### [What is needed]
Skip the pictures and give back the rest of the listing exactly.

### [Study material]

----

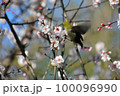 桜の花とメジロ 100096990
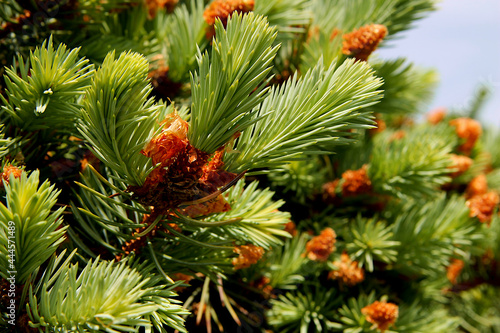 Fir branches. New fir branches
Balsam Fir tree tips.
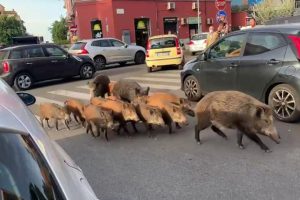 Primo caso di peste suina africana a Roma. La rabbia degli agricoltori: &ldquo;&egrave; emergenza nazionale&rdquo;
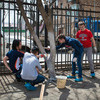 Школьники побелили деревья, чтобы защитить их от вредителей — newsvl.ru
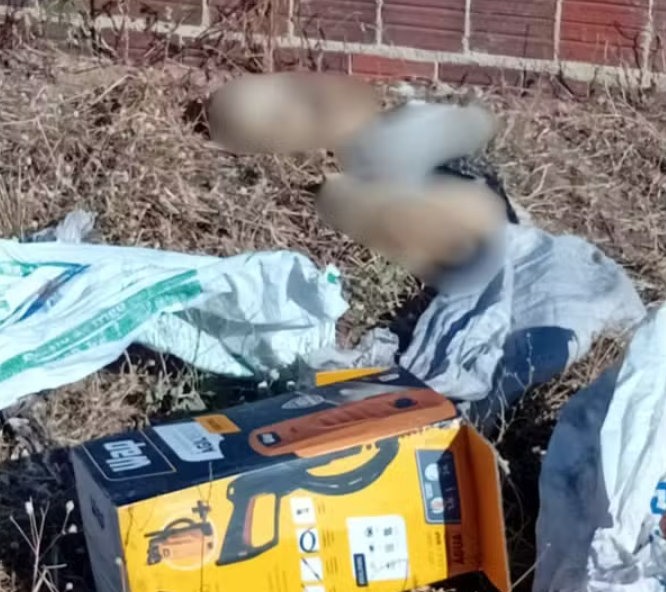 Envenenamento de gatos mobiliza autoridades no Piauí.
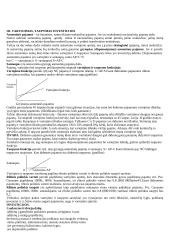 Makroekonomikos pradmenų teorija 4 puslapis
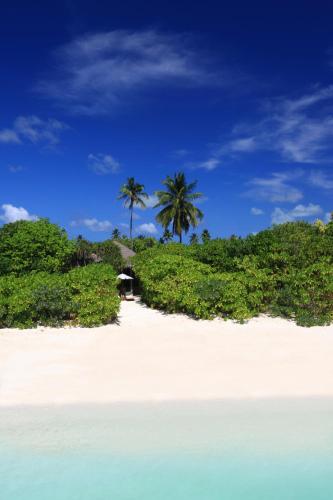 Six Senses Laamu - image 5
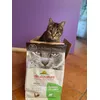 Leone detto Pissichetto Salsiccettta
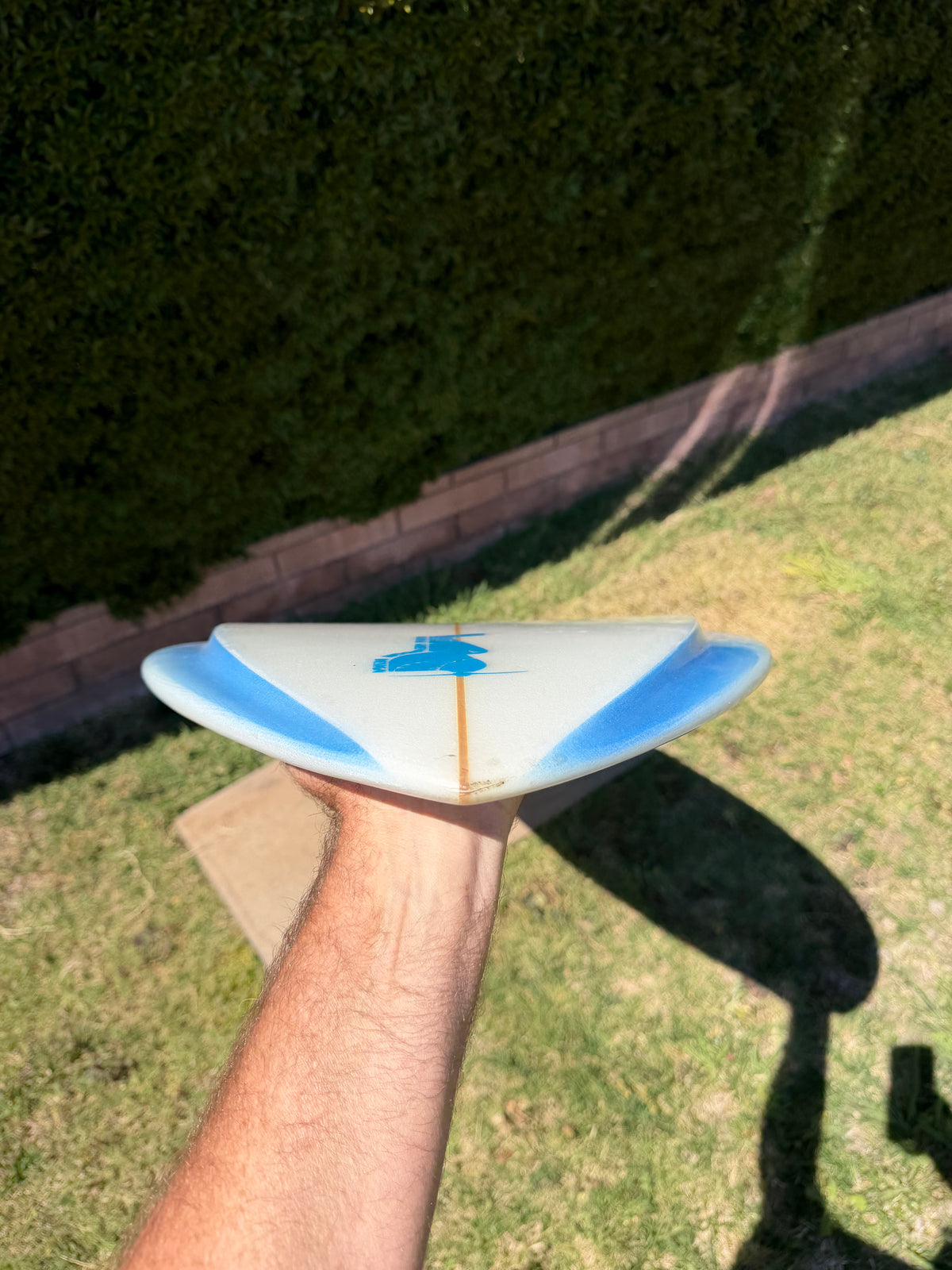 Wilderness 7’4” Edgeboard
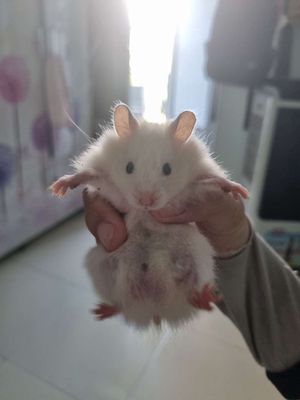 Hamster tạng to thái lai trung siêu xinh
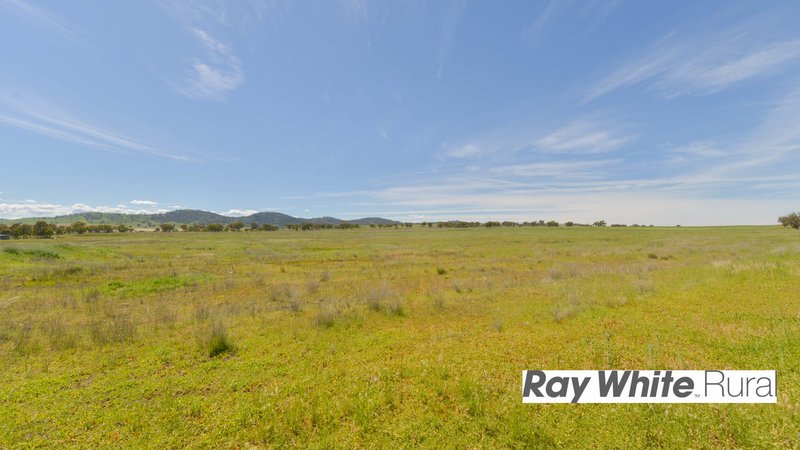 Photo - 54 Sneesbys Lane, Manilla NSW 2346 - Image 13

----

### [Finished task]
 桜の花とメジロ 100096990
 Fir branches. New fir branches
Balsam Fir tree tips.
 Primo caso di peste suina africana a Roma. La rabbia degli agricoltori: &ldquo;&egrave; emergenza nazionale&rdquo;
 Школьники побелили деревья, чтобы защитить их от вредителей — newsvl.ru
 Envenenamento de gatos mobiliza autoridades no Piauí.
 Makroekonomikos pradmenų teorija 4 puslapis
 Six Senses Laamu - image 5
 Leone detto Pissichetto Salsiccettta
 Wilderness 7’4” Edgeboard
 Hamster tạng to thái lai trung siêu xinh
 Photo - 54 Sneesbys Lane, Manilla NSW 2346 - Image 13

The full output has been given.